А как же с кремнием? Может, его трудно добыть? Его меньше, скажем, на Земле, чем каменного угля или нефти? Напрасная тревога! Песок, который мы топчем ногами, и есть тот самый чудесный камень, что заставляет работать Солнце. Правда, песок — это еще не кремний, а его двуокись, но из него, конечно, можно получить и чистый элемент.

Батареи кремниевых пластин были вмонтированы во внешнюю оболочку Малой Луны, притом не в одном месте, а в нескольких: повернется стальная планетка половина батарей окажется в тени, другая — обязательно под лучами Солнца. Это гарантирует равномерную работу солнечных электростанций.

— Куда же отсюда идет ток? — спросил Олег.

Надежда Николаевна осмотрела подключение проводов к клеммам одной кремниевой батареи, повернулась к мальчику и сказала:

— Часть собираем в аккумуляторы, часть расходуем сразу. Ты же был в лабораториях. Видел, сколько там электромоторов, электронных машин, ламп. Целое хозяйство. Чтобы его обеспечить, надо много энергии. Откуда же брать ее? С волжских ГЭС? Они, дружок, далеко отсюда. Вот мы и поставили свои электростанции, Разве плохие, не нравятся?

— Нравятся, — ответил Олег. — Только вот моторов при них никаких нет. Даже не верится...

— А это, Олег, лучше. Меньше забот и тревог. Их могут повредить разве только метеоры.

— Метеоры? — удивился мальчик. — И большие они здесь падают?

— Во-первых, они не падают, а летят и во много раз быстрей, чем пули, — поправила мальчика Хлебникова, — Во-вторых, они не так страшны, как раньше казалось. Большинство метеоров приносят в нашу солнечную систему кометы. Кометы — это скопление космической пыли, затвердевших газов. При приближении к Солнцу они разрушаются, пыль и затвердевшие газы под воздействием света отрываются и попадают иногда на орбиту Земли. Тогда у нас по ночам наблюдается звездный дождь.

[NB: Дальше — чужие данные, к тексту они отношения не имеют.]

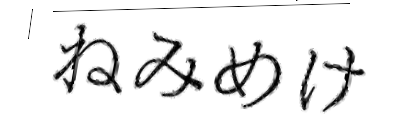 CAPTCHA画像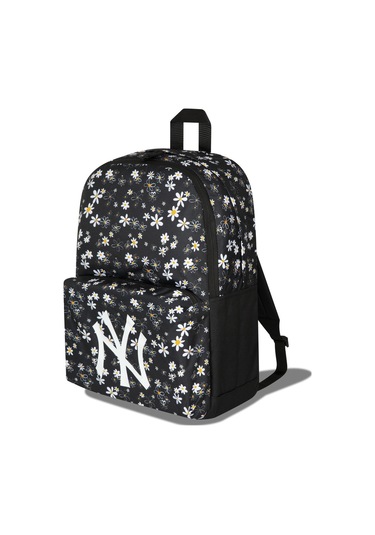 Mlb Floral Multı Stadıum Neyyan Blkwhı Siyah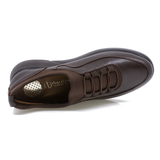 Pantofi dama Anna Viotti din piele naturala, D 22-5856 maro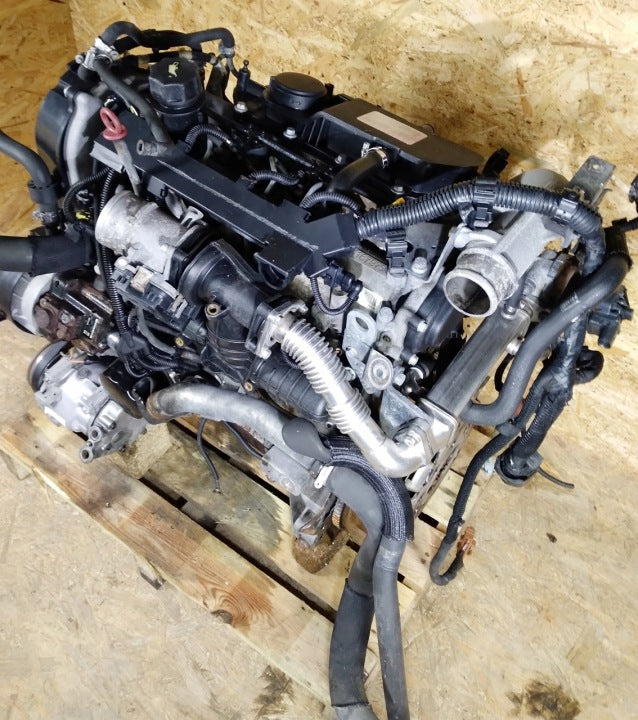 Motor Fiat Ducato F1AE3481D 2.3 JTD 130PS 96kW 167TKm 2014 Diesel Komplett MOT9662634316dt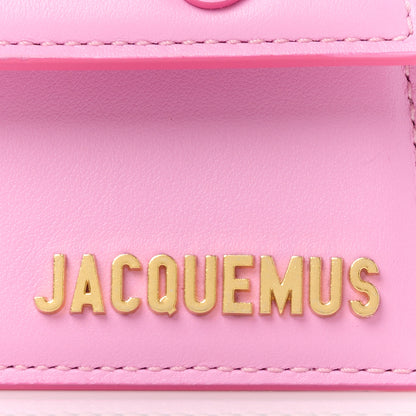 Jacquemus Smooth Calfskin Le Chiquito Pink 7 of 10
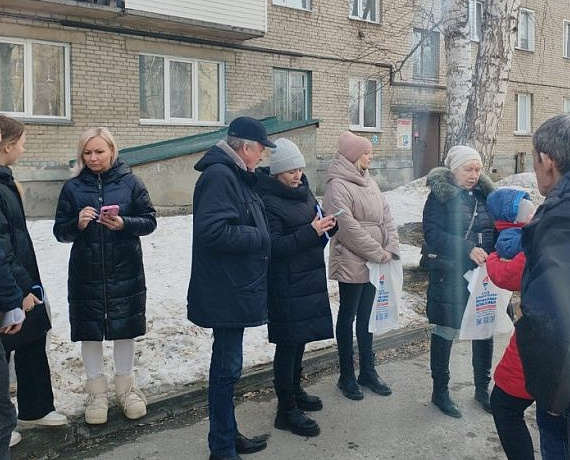 Новосибирские депутаты-родинцы прислушиваются к чаяниям своих избирателей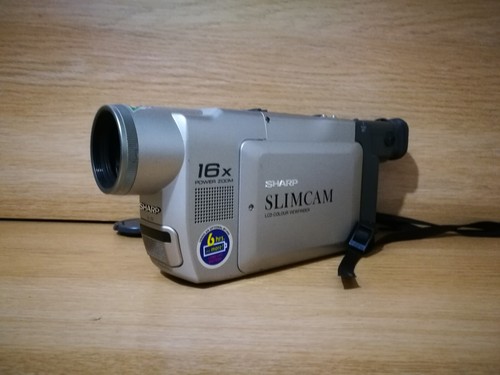 Videocamera vintage sharp - vintage,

Газы и пылинки не могут при столкновении разрушить стены нашей металлической планетки. Но, попадая раз за разом в одно и то же место, они способны постепенно изменить структуру дюралюминия, из которого сделана внешняя оболочка Малой Луны. И ты, видимо, догадываешься, почему. Микроскопические метеоры разбивают молекулы, нарушают их общую связь, и со временем оболочка может развалиться... Кремниевые батареи тоже чувствительны к этой космической бомбардировке.

Олег слушал Надежду Николаевну, раскрыв рот от восхищения. Смотри ты, как много она знает! С того дня, как мальчик попал в экспедицию, он не переставал завидовать знаниям окружавших его людей и для себя твердо решил, что будет учиться, чтобы знать не меньше, чем они.